There are various proposals on the table, including the creation of a national unity government proposed by a bloc of Persian Gulf countries led by Saudi Arabia and supported by Western nations. Before he was wounded in a bomb attack on the presidential palace a month ago, Mr. Saleh had agreed to the proposal but refused to sign it.
Now, with Mr. Saleh abroad and incapacitated, the biggest obstacle to a political transition may be his relatives who maintain powerful positions within the security forces, mainly his son and three nephews. This group, whom Yemeni officials refer as the “wild cards,” completely dismiss the legitimacy of the uprising that has drawn hundreds of thousands into the streets for the last five months to challenge the president’s rule.
“The problem is that the rest of the world believes that this is a youth revolution,” Brig.

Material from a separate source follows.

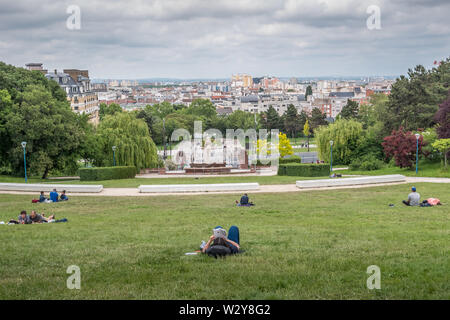 Parigi, Francia - 26 Maggio 2019: Butte du Chapeau Rouge park a Parigi con la gente il relax e la lettura sull'erba Foto Stock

Gen. Yahya Saleh, one of the nephews, said in an interview in his office at the sprawling headquarters of Central Security Forces, the paramilitary division he commands.
“How many are there in the squares?” he asked. “Do they represent the majority? In a democracy, does the minority rule the majority? They should have some self-respect and go home. It’s been five months now, and it’s boring.”
A successful businessman before assuming his position in the military in 2004, General Saleh had a casual air, propping a black commando boot on a coffee table and frequently making himself break into giggles. He had an affection for the revolutionary Che Guevara, whose photo was on his cellphone, a somewhat jarring affinity for a general whose main task these days is thwarting a rebellion.
He and his family say that the protesters and the various strands of political opposition, would, if given power, pave the way for Al Qaeda to take over the country.